Captioned web images:
==*==

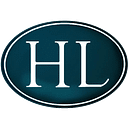 HL COMMODITY FOODS (MANUFACTURING) LTD logo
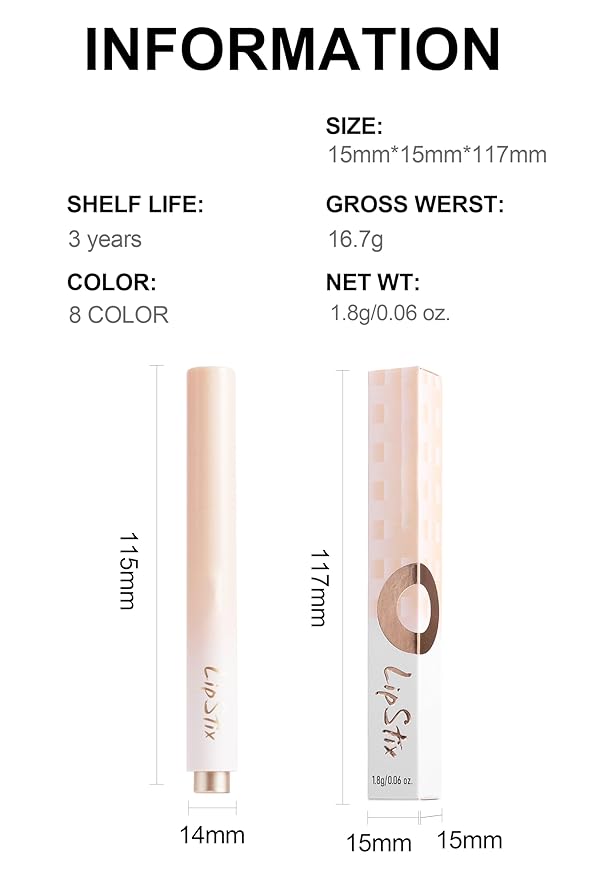 Dewy Water Glow Lip Tint, Mirror Water Glow Glow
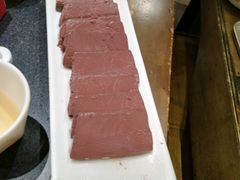 -大龙燚火锅(春熙店)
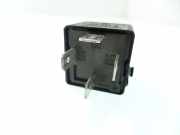 Relais MERCEDES-BENZ C T-Model (S202) C 180 T (202.081) A0025421319
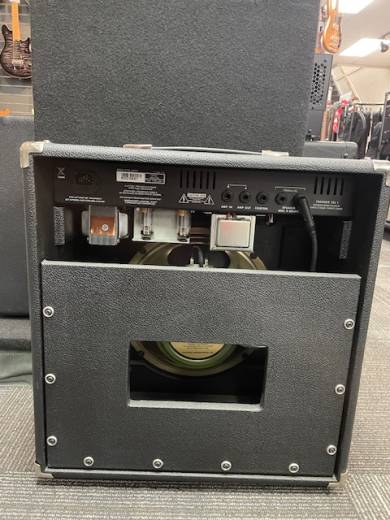 Store Special Product - Traynor - YGL1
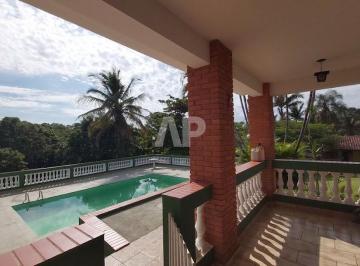738f384aa4673784b11011835e3194afa596e099 · Chácara com 3 dormitórios à venda, 8000 m² por R$ 2.000.000,00 - Gramadinho - Porto Feliz/SP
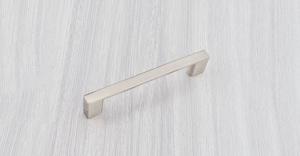 China Attention Child Care Drawer Safe Kitchen Cupboard Door Handles on sale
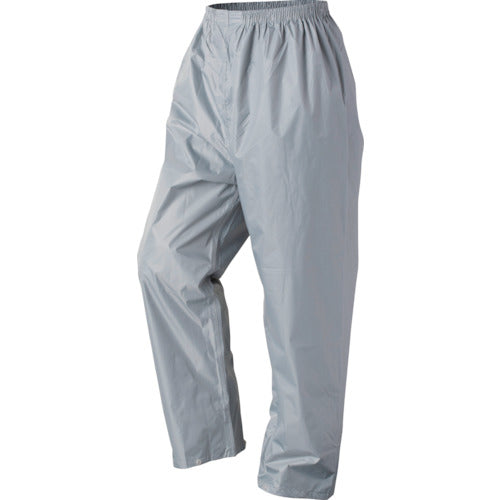 喜多　かっぱです。　　Ｎｏ１７００　シルバー　Ｍ　NO1700-SIL-M　1 着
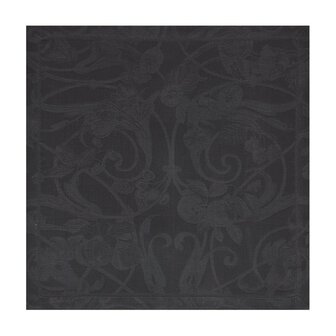 Tivoli Onyx napkin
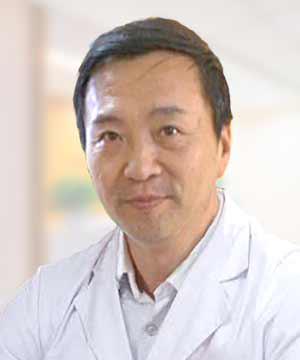 王振刚.jpg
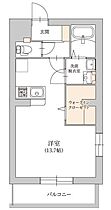 間取り：222020054308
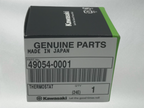 Kawasaki OEM (00-13)Mule 3000 3010 (01-13)3010 3010 Trans4x4 Relay 49054-0001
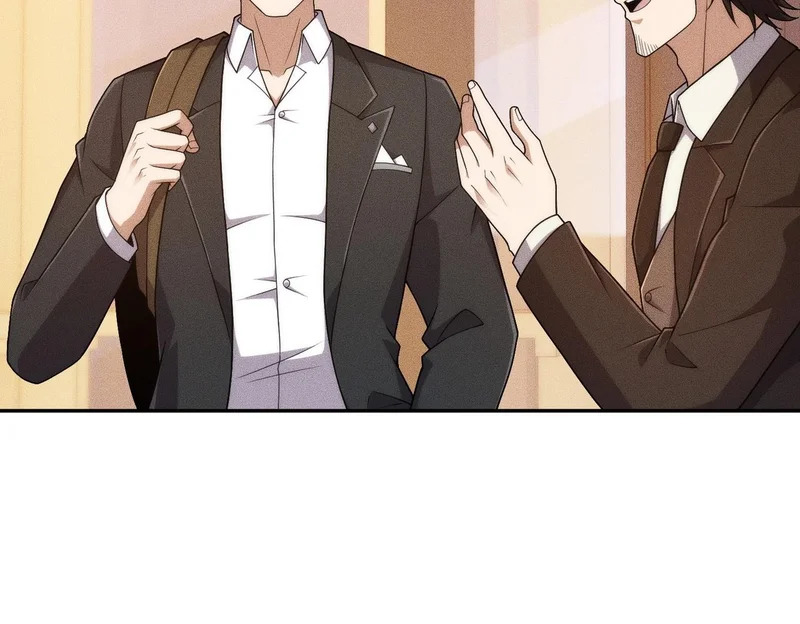 第40话 我都让你看光了！ 第63页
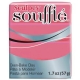 Soufflé - 48 g - 1.7 oz - guava - Nr 6653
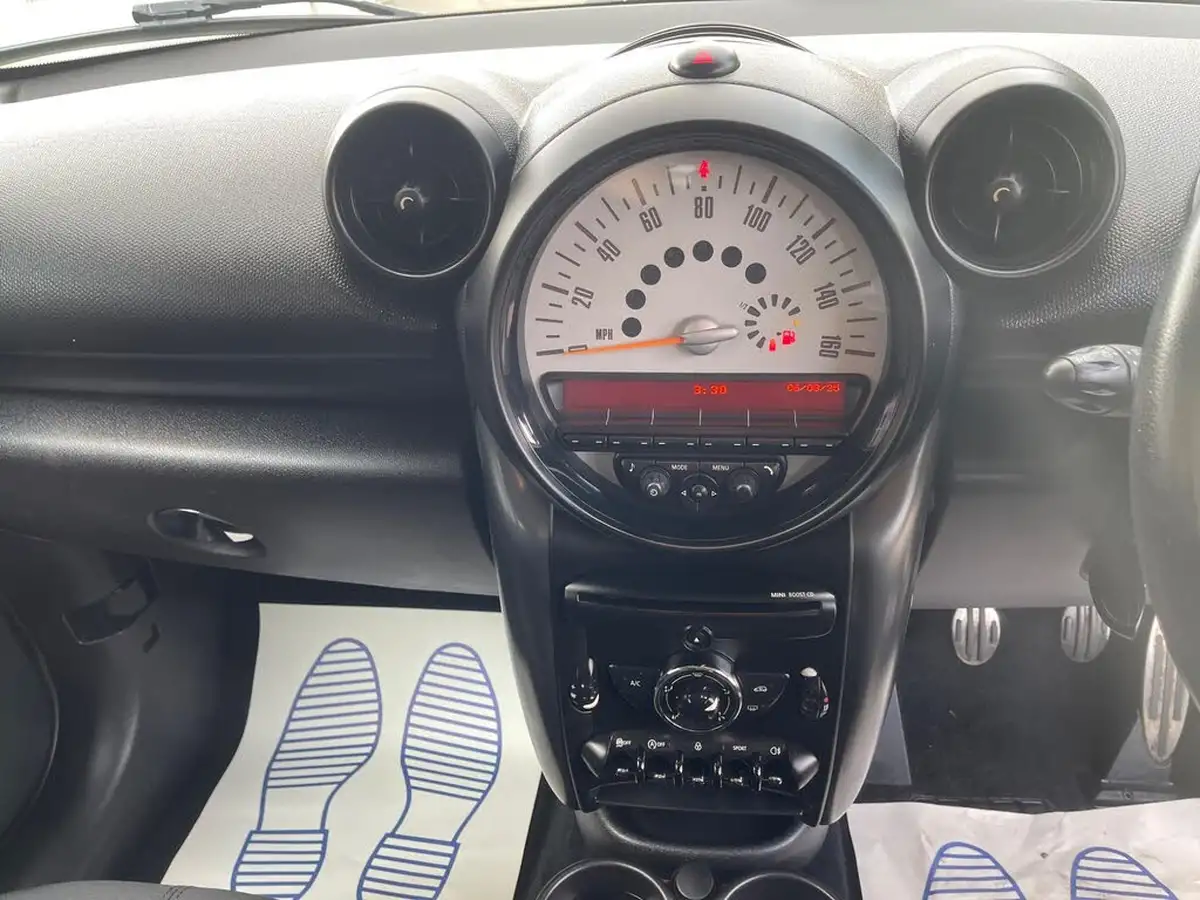 2014-mini-countryman-20td-cooper-sd-big-18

==*==

### ABOUT THIS EXERCISE
Look above for the line with "Dewy Water Glow", then give again exactly every line from there through the line with "738f384aa4673784b11011835e3194afa596e099 · Chácara", skipping the pictures.

### REPLY TO THE TASK
 Dewy Water Glow Lip Tint, Mirror Water Glow Glow
 -大龙燚火锅(春熙店)
 Relais MERCEDES-BENZ C T-Model (S202) C 180 T (202.081) A0025421319
 Store Special Product - Traynor - YGL1
738f384aa4673784b11011835e3194afa596e099 · Chácara com 3 dormitórios à venda, 8000 m² por R$ 2.000.000,00 - Gramadinho - Porto Feliz/SP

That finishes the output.